| |
| |
| |
Kroniek
Boekbespreking
C. en M. Scharten-Antink, Carnaval, Amsterdam, Wereldbibliotheek, 1933.
‘Herhaaldelijk kwam hij langs een kerk; de deur stond aan. Eens ging hij erbinnen. Achter den weer dichtploffenden, matraszwaren voorhang viel uit de hooge, huisterige ruimte een kille stilte hem op het lijf. Bij het schemerig schijnsel van twee, drie kaarsen voor een heiligenbeeld lagen een paar sjofele vrouwen ineengedoken. Er hing een zoet benauwde wadem, ondanks de koelte.
Maar nog tilde hij den voorhang niet opzij, of de straat nam hem weer op in haar driftig-roezende drukte. Het rook er naar knoflook, naar koolsoep, naar afval; doch een heftige begeerte, hij wist niet naar wat, deed hem den kwalijken reuk verduren; het was de sterkende stank van het warme leven der menschen.’

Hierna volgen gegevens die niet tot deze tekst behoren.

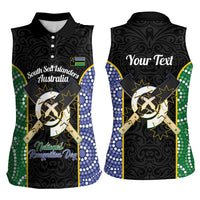 Personalised South Sea Islanders National Recognition Day Women Sleeveless Polo Shirt Australia Aboriginal Vanuatu Pig Tusk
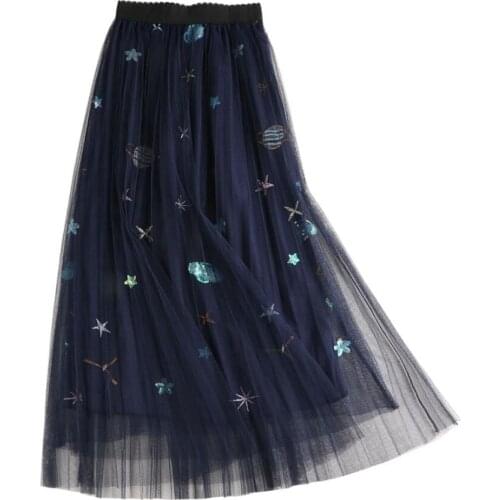 2021 spring new fashion high waist mesh embroidery skirt women flower planet pleated skirt skirt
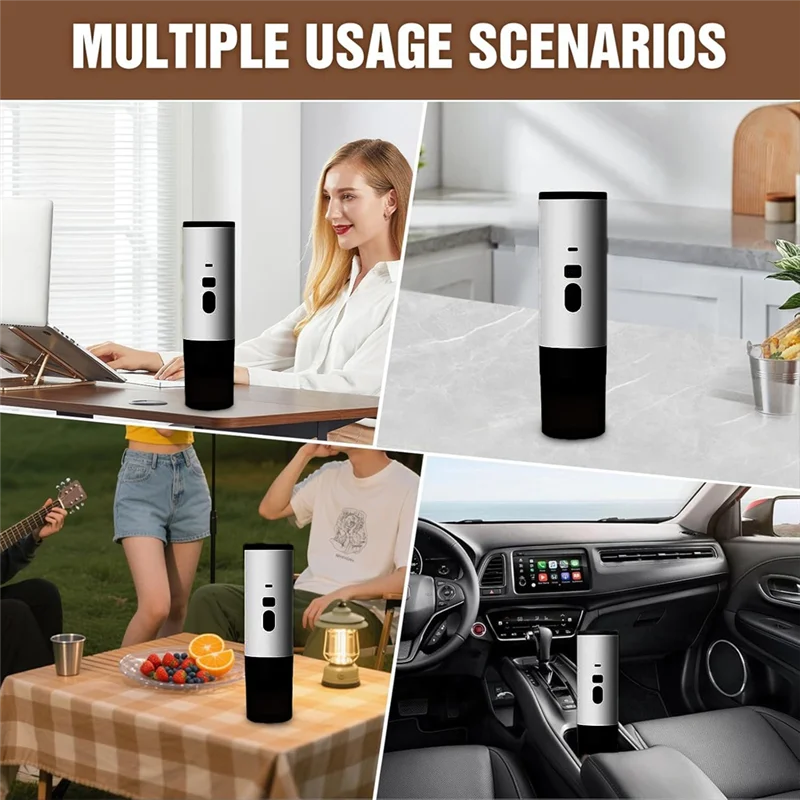 B98A-3In1 Cordless Electric Coffee Maker Work Portable 3In1 Coffee Maker 72W 12V Espresso Machine For Car & Home Camping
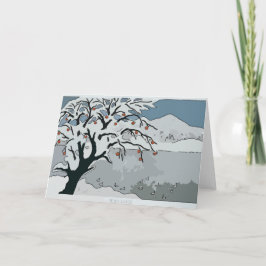 Japanischer Weihnachtsschnee u. -berg Feiertagskarte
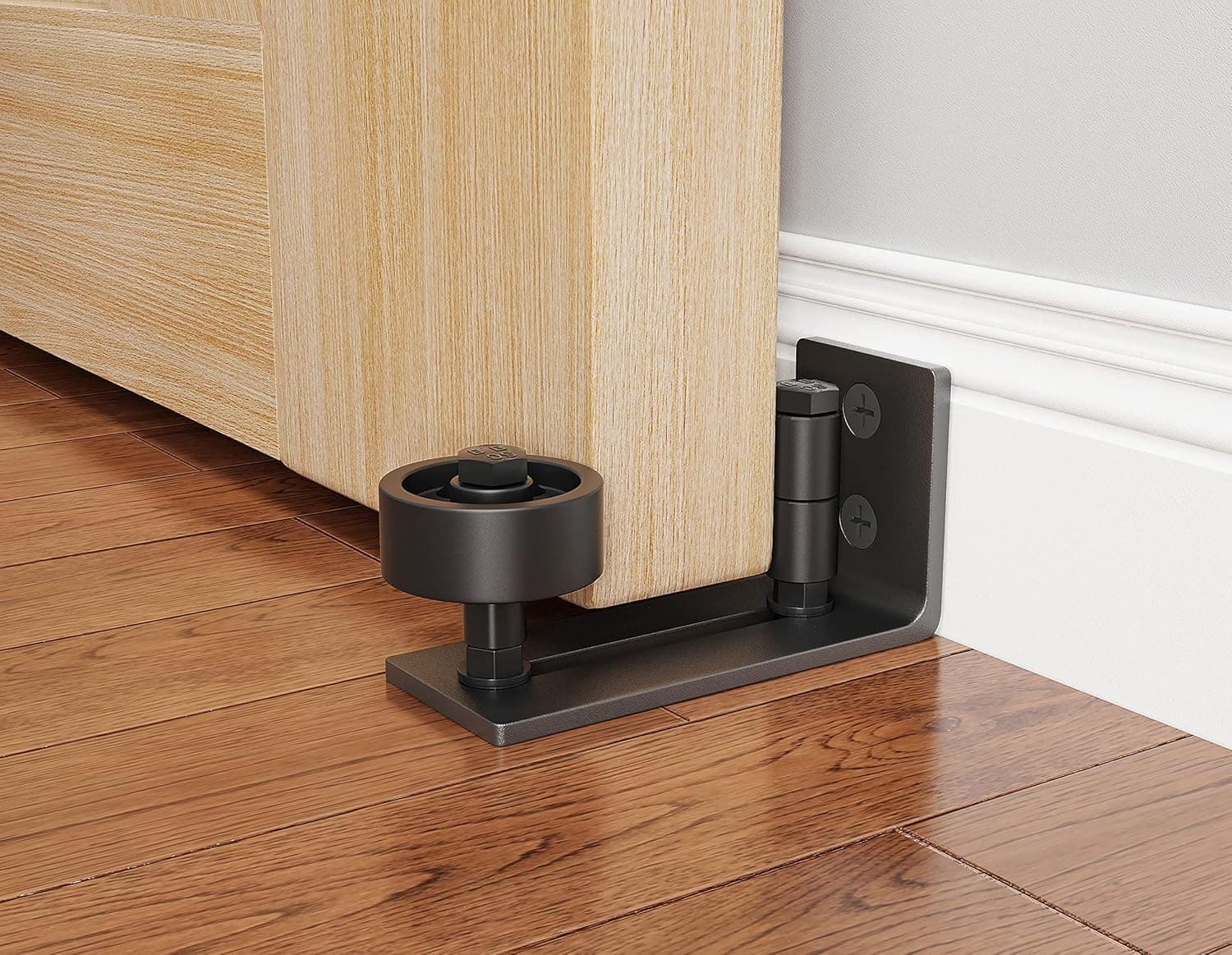ZEKOO 2 PCS Sliding Barn Door Floor Guide, Adjustable Wall Guide,8 Setup Options,Flush Flat Bottom Design Floor Guide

Ik weet niet wat huisterig beteekent. Zoo iets hindert dan wel even. Maar overigens genoot ik deze sterk suggestieve beschrijving, deze sfeeroproeping, waarbij mijn geest en al mijn zintuigen aan 't werk gezet worden. Hoe méér-dan-knap toch weten ons de Schartens met uiterlijk en innerlijk van hun tweede vaderland in contact te brengen, ons geheele wezen daarin te verplaatsen! Ook de italiaansche ‘typen en curiositeiten’ waar het ditmaal speciaal om te doen was: de verschillen in levenshouding en -gedrag tusschen de families Cavallaro en Abbatella, de zorgvuldig bewaakte distinctie en voornaamheid van den ouden heer Cavallaro en de kwalijk verborgen, verwoestende losbandigheid der Abbatellas, de invloed die van deze twee sferen uitgaat op den jongen Ardengo, een zwakke kunstenaarsnatuur, besmet met den roekeloozen, niets ontzienden sexe-drang van zijn vader Abbatella, gedrenkt tevens - alleen maar te kort! - met de nobele ingetogenheid van zijn grootvader Cavallaro, de angsten en verwarringen vooral in het kind Ardengo, het is ons alles heel fijn te verstaan gegeven. Misschien zelfs wel eens wat ál te fijn. Wij verlangen soms naar forschere accenten....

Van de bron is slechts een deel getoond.